Try it: Copy the entries exactly, through the "UK woodland birds | Bristol 2025" line.

Provided data:
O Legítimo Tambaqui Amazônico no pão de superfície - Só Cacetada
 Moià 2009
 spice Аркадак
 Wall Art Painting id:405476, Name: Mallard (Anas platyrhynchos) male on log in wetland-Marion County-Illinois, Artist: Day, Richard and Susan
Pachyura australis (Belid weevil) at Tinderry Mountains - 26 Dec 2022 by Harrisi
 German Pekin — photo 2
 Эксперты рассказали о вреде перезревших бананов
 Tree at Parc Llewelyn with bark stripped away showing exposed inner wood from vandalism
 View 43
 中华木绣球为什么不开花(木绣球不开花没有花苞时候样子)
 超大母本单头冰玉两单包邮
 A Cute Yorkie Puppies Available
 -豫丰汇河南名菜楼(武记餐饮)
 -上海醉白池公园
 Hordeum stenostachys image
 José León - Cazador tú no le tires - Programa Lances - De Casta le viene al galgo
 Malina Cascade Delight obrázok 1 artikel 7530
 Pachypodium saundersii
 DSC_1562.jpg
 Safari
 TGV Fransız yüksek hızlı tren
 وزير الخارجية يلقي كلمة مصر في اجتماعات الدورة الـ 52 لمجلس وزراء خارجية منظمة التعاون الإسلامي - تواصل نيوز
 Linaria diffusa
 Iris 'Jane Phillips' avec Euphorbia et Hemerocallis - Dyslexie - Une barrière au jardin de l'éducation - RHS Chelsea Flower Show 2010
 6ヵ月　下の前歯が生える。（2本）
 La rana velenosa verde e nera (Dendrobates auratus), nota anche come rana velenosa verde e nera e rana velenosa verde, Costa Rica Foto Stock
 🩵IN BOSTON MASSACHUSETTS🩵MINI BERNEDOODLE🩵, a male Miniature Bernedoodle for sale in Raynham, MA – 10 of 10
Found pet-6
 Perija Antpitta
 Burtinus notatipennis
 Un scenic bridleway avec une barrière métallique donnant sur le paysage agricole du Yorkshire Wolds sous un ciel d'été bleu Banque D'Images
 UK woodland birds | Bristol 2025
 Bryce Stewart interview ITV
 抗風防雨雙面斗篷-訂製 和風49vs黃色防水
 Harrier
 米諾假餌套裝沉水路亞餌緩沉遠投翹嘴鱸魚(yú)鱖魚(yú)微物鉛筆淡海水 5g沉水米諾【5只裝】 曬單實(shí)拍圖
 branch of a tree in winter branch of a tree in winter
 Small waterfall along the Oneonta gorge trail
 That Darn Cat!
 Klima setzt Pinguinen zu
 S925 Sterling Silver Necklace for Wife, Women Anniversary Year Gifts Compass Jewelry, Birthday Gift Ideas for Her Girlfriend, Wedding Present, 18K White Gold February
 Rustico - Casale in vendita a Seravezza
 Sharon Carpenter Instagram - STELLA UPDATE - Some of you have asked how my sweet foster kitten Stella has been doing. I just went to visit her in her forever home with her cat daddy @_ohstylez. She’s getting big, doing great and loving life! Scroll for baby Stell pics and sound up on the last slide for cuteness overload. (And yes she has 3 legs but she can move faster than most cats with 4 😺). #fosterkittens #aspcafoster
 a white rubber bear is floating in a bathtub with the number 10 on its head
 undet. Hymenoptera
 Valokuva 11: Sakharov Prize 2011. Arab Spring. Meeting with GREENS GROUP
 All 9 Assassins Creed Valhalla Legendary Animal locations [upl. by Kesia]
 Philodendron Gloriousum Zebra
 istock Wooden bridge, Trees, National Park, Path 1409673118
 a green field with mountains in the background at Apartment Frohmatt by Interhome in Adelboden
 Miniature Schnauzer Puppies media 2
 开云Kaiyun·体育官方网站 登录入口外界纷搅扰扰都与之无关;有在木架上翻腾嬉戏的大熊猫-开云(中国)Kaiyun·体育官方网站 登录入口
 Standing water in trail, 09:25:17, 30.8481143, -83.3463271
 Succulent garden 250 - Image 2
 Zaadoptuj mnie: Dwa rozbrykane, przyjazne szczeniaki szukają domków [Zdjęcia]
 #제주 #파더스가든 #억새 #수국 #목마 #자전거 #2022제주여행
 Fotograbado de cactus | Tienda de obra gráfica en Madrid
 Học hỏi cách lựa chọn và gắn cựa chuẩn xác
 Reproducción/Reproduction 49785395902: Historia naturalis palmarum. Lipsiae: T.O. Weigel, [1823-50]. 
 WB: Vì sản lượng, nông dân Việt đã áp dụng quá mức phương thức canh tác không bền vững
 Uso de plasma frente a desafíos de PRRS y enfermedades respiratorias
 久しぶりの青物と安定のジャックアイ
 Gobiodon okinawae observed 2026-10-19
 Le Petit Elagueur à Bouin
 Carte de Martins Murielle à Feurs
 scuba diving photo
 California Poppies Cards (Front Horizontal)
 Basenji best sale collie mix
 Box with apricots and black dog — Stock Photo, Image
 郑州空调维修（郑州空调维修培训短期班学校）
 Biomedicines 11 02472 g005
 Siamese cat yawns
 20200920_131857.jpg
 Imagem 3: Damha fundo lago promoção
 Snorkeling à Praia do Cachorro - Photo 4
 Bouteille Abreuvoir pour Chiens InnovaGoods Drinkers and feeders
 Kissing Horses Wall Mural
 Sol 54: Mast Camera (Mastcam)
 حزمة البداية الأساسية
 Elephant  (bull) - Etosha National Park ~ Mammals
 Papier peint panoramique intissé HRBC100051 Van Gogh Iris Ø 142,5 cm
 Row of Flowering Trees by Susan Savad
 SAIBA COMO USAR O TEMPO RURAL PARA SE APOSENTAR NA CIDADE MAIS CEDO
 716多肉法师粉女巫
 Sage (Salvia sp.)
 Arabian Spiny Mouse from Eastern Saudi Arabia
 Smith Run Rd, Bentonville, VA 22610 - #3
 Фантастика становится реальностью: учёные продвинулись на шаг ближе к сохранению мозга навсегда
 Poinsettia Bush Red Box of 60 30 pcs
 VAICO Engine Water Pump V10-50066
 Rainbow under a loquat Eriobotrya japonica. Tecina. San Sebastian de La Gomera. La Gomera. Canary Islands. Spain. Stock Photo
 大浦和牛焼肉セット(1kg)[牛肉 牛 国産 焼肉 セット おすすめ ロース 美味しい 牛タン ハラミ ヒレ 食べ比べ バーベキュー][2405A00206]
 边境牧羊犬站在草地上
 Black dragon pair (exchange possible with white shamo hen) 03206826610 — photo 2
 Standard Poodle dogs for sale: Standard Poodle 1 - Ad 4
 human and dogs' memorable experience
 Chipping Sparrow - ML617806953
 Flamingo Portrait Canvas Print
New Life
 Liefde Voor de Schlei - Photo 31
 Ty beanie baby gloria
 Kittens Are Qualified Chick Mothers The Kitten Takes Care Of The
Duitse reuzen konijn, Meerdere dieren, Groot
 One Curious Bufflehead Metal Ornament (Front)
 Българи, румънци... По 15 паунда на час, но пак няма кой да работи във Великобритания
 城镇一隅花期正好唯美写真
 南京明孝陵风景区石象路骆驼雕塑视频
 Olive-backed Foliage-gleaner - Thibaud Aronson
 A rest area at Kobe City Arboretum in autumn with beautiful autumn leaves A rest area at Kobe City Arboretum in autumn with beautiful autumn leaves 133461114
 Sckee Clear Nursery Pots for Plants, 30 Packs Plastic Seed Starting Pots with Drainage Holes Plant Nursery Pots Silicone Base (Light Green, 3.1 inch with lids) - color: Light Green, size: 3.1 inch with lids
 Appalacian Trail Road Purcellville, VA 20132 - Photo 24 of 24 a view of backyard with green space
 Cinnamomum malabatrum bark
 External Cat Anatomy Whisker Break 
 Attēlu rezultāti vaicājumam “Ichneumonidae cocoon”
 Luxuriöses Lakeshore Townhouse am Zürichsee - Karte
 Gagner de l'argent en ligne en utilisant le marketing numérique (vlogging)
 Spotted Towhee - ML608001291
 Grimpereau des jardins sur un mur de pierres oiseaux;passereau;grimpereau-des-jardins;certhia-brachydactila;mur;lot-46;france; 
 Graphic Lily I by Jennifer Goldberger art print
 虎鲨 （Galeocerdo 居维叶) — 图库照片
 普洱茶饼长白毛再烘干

Solved exercise:
O Legítimo Tambaqui Amazônico no pão de superfície - Só Cacetada
 Moià 2009
 spice Аркадак
 Wall Art Painting id:405476, Name: Mallard (Anas platyrhynchos) male on log in wetland-Marion County-Illinois, Artist: Day, Richard and Susan
Pachyura australis (Belid weevil) at Tinderry Mountains - 26 Dec 2022 by Harrisi
 German Pekin — photo 2
 Эксперты рассказали о вреде перезревших бананов
 Tree at Parc Llewelyn with bark stripped away showing exposed inner wood from vandalism
 View 43
 中华木绣球为什么不开花(木绣球不开花没有花苞时候样子)
 超大母本单头冰玉两单包邮
 A Cute Yorkie Puppies Available
 -豫丰汇河南名菜楼(武记餐饮)
 -上海醉白池公园
 Hordeum stenostachys image
 José León - Cazador tú no le tires - Programa Lances - De Casta le viene al galgo
 Malina Cascade Delight obrázok 1 artikel 7530
 Pachypodium saundersii
 DSC_1562.jpg
 Safari
 TGV Fransız yüksek hızlı tren
 وزير الخارجية يلقي كلمة مصر في اجتماعات الدورة الـ 52 لمجلس وزراء خارجية منظمة التعاون الإسلامي - تواصل نيوز
 Linaria diffusa
 Iris 'Jane Phillips' avec Euphorbia et Hemerocallis - Dyslexie - Une barrière au jardin de l'éducation - RHS Chelsea Flower Show 2010
 6ヵ月　下の前歯が生える。（2本）
 La rana velenosa verde e nera (Dendrobates auratus), nota anche come rana velenosa verde e nera e rana velenosa verde, Costa Rica Foto Stock
 🩵IN BOSTON MASSACHUSETTS🩵MINI BERNEDOODLE🩵, a male Miniature Bernedoodle for sale in Raynham, MA – 10 of 10
Found pet-6
 Perija Antpitta
 Burtinus notatipennis
 Un scenic bridleway avec une barrière métallique donnant sur le paysage agricole du Yorkshire Wolds sous un ciel d'été bleu Banque D'Images
 UK woodland birds | Bristol 2025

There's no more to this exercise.